WHAT YOU WILL DO - Copy exactly the lines from the start of the material through the line with "Understanding a phrase". Pictures stay out of the copy.
============================================================
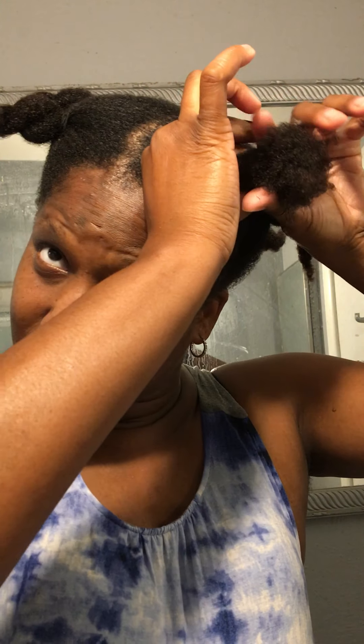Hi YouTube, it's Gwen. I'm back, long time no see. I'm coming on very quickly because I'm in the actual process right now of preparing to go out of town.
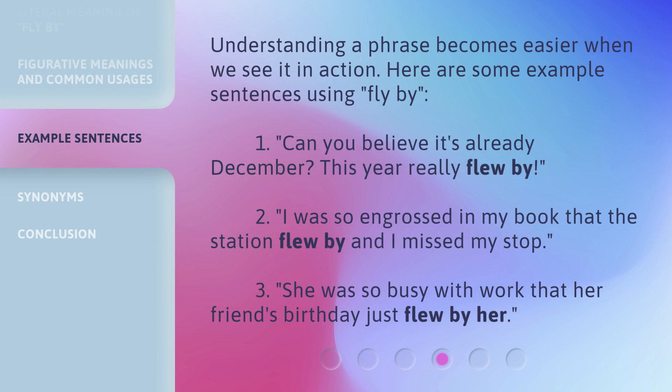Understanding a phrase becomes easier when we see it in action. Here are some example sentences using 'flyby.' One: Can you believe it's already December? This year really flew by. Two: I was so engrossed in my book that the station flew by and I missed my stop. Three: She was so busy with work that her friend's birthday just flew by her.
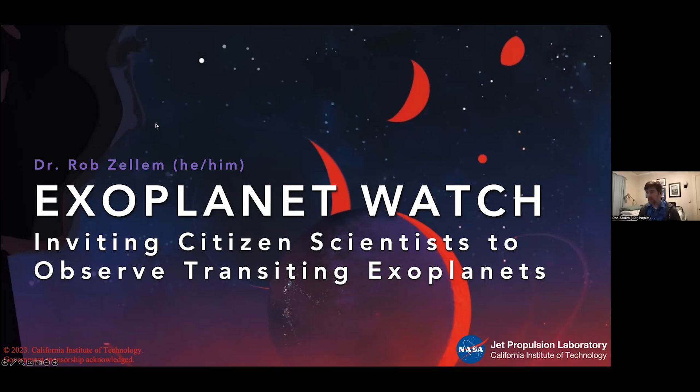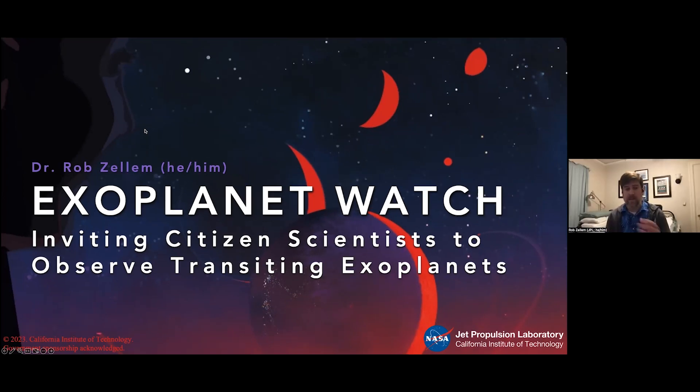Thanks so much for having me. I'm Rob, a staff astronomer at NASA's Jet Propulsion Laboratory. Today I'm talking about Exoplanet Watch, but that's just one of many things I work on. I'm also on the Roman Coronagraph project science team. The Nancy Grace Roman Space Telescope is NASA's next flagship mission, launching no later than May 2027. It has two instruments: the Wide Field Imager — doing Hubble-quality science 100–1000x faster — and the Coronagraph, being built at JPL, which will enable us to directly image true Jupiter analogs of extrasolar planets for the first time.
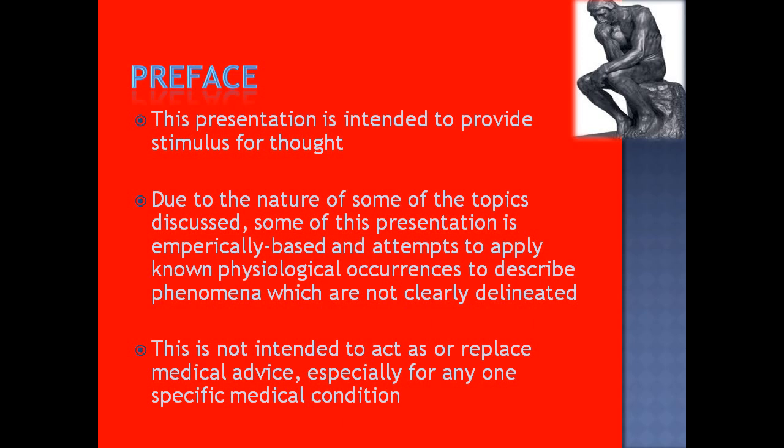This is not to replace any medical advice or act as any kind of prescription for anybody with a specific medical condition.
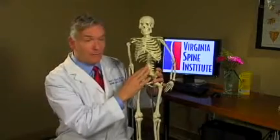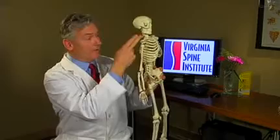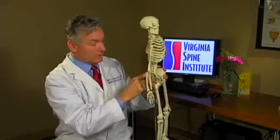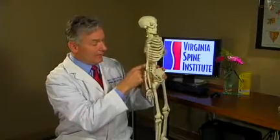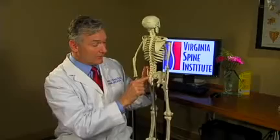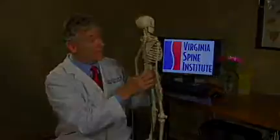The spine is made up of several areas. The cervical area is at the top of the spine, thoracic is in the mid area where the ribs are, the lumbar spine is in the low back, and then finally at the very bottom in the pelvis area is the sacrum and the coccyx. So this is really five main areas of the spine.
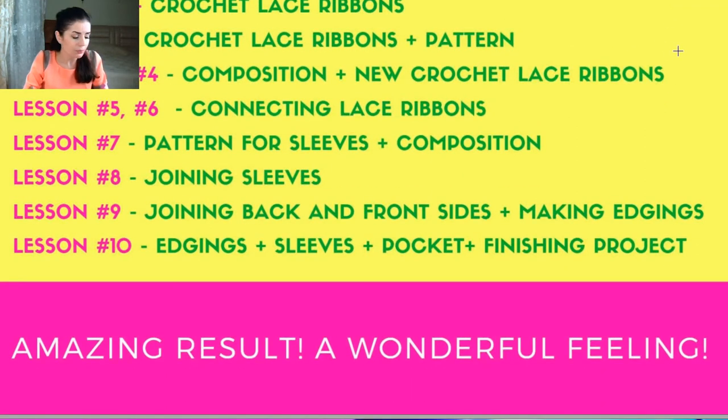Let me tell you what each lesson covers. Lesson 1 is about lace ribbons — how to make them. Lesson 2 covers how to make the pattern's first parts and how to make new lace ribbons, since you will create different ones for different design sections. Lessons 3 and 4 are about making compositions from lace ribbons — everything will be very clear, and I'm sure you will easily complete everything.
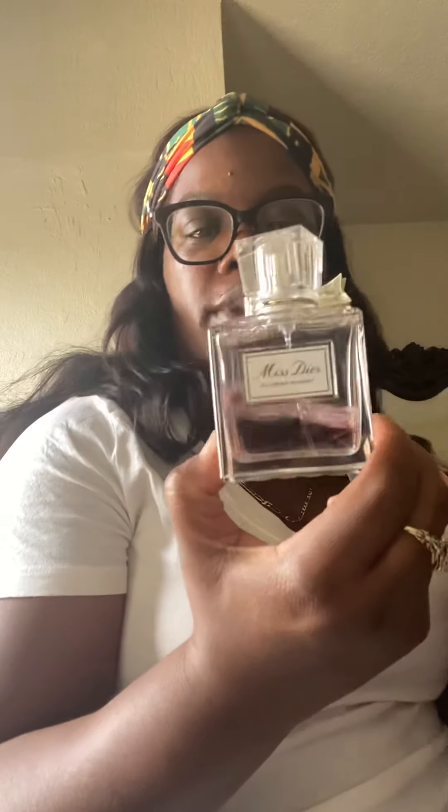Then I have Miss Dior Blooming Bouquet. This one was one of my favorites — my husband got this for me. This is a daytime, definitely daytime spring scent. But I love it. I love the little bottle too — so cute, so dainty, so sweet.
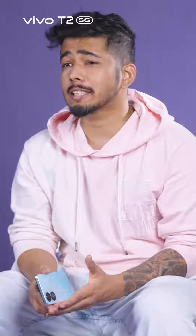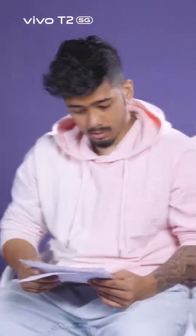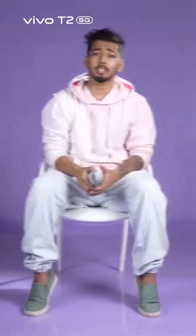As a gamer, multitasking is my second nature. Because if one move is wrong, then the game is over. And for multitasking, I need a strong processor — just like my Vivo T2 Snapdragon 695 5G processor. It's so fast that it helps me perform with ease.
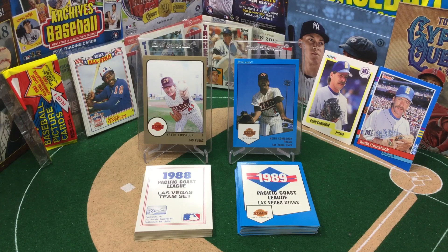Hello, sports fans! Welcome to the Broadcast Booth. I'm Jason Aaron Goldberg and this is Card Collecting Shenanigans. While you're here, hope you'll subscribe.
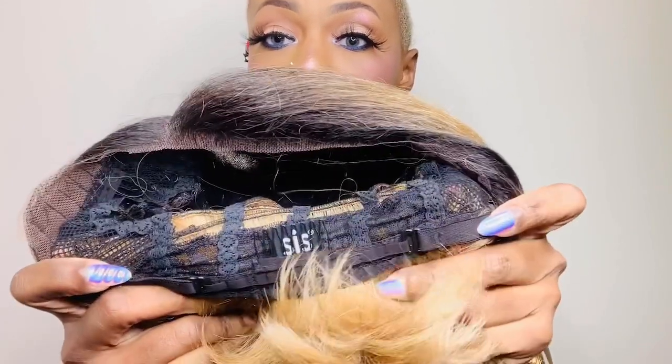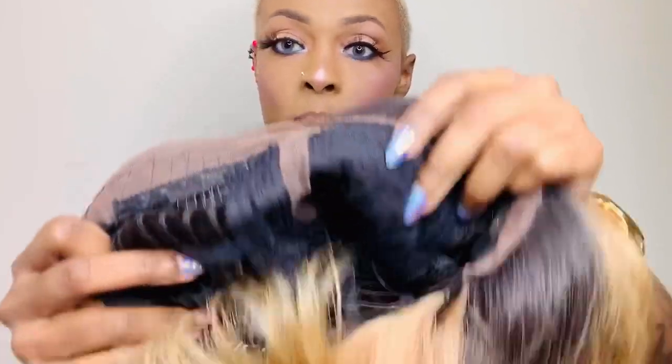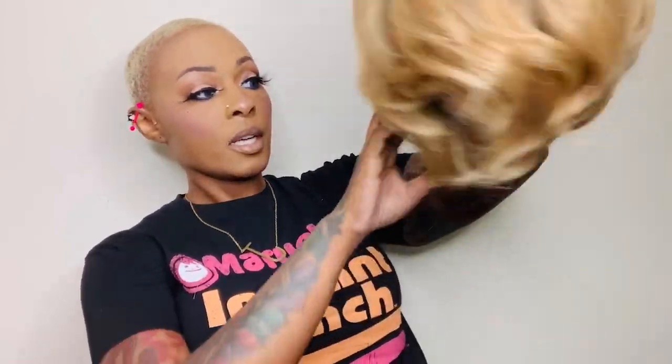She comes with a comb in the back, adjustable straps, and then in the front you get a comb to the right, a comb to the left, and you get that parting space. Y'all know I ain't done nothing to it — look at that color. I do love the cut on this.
============================================================
EXPECTED ANSWER -
Hi YouTube, it's Gwen. I'm back, long time no see. I'm coming on very quickly because I'm in the actual process right now of preparing to go out of town.
Understanding a phrase becomes easier when we see it in action. Here are some example sentences using 'flyby.' One: Can you believe it's already December? This year really flew by. Two: I was so engrossed in my book that the station flew by and I missed my stop. Three: She was so busy with work that her friend's birthday just flew by her.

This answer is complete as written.